Den Schutz der Kinder an der Wiemer erhöhen

Michael Korkut hat am Mittwoch die Pläne zur Umgestaltung der Wiemer vorgestellt..
Michael Korkut hat am Mittwoch die Pläne zur Umgestaltung der Wiemer vorgestellt..
Foto: IKZ
Was wir bereits wissen
Beim Umbau der Straße sorgt lediglich der geplante Abbau der Ampel an der Bauernkirche für Widerstand.
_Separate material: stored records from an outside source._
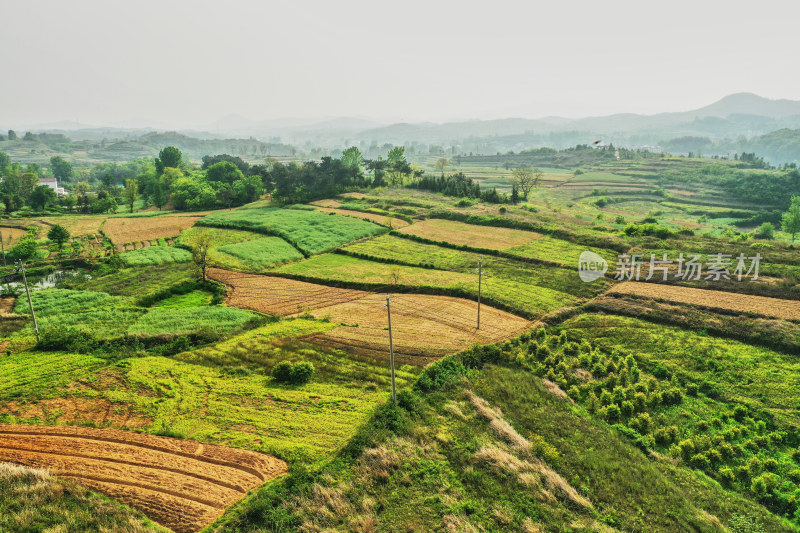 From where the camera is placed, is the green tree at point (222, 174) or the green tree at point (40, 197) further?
the green tree at point (222, 174)

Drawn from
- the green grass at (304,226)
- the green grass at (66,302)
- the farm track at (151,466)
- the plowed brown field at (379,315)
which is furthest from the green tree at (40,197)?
the farm track at (151,466)

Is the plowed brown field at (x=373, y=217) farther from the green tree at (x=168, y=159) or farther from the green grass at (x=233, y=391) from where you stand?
the green tree at (x=168, y=159)

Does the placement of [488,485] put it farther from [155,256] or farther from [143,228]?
[143,228]

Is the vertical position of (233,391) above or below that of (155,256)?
A: below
Iserlohn..  Grundschüler im dreistelligen Bereich strömen allmorgendlich über die Wiemer, um die Südschule zu erreichen. Hinzu kommen die mehr als 100 Kinder, die die fünf Gruppen der AWo-Kita direkt an der Wiemer besuchen. Und auch außerhalb der Schul- und Kindergarten-Stoßzeiten ist das Fußgängeraufkommen wegen des sehr gut angenommenen Spielplatzes, aber auch wegen der beiden Moscheen im unteren und der griechisch-orthodoxen Kirche im oberen Bereich, extrem hoch. Gleichzeitig ist die Wiemer aber auch ein Musterbeispiel für wildparkende Autos, zugestellte Wege und oft auch für Verkehrschaos.
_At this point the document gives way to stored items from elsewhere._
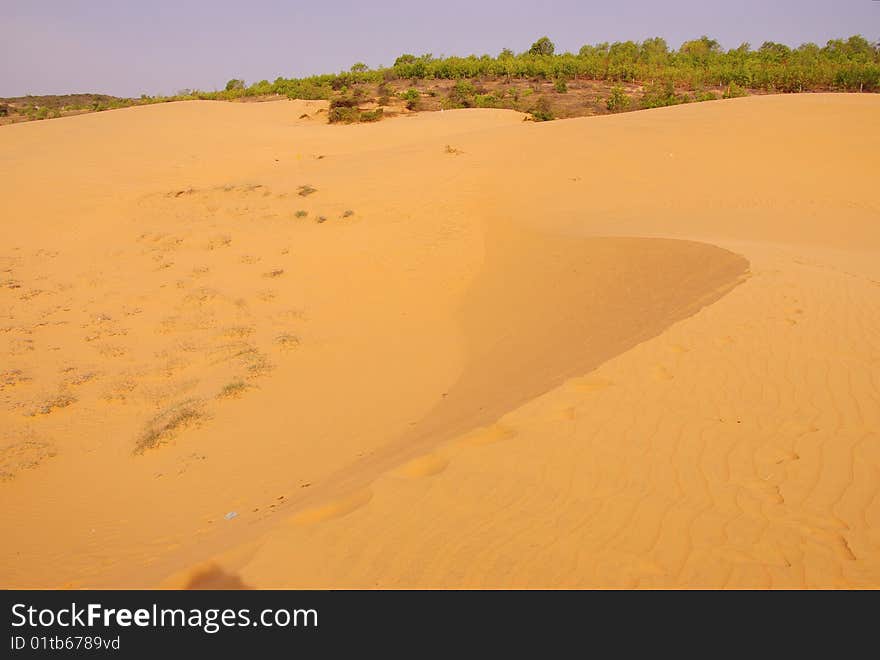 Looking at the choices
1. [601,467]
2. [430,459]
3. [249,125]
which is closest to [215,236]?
[430,459]

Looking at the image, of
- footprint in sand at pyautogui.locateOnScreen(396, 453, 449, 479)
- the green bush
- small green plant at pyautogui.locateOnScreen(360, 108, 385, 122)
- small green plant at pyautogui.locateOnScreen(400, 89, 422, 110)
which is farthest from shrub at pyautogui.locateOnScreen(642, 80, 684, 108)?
footprint in sand at pyautogui.locateOnScreen(396, 453, 449, 479)

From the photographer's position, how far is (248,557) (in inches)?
121

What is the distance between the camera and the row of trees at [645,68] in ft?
82.6

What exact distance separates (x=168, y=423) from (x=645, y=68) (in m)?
30.4

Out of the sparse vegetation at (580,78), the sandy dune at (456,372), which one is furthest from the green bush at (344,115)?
the sandy dune at (456,372)

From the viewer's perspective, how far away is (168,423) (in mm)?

Ausbau soll im Zuge der Kreisverkehre 2016 erfolgen

Die Stadt hat das erkannt, und möchte das kurze Straßenstück zwischen Bauernkirche und Ragweg im Zuge des groß angelegten Straßenausbaus in der südlichen Innenstadt neu gestalten – vor allem unter dem Gesichtspunkt, die Fußgänger und besonders die vielen Kinder, die hier unterwegs sind, zu schützen. Am Mittwochabend haben Michael Korkut, Leiter der Verkehrsplanung, und Gabriele Bilke, Leiterin Stadtplanung, die Pläne im Rahmen einer Bürgerbeteiligung vor Ort vorgestellt. Demnach soll die Wiemer zweigeteilt werden. Der untere Bereich zur Altstadt hin soll ein verkehrsberuhigter Bereich werden – eine Spielstraße mit drei Stellplätzen für Kurzparker, an deren Ende ein Wendekopf eingerichtet werden soll, der den Verkehr in geordnete Bahnen lenkt. Der obere Bereich zum Radweg hin soll in direkter Nähe zum Spielplatz für den normalen Verkehr gesperrt werden.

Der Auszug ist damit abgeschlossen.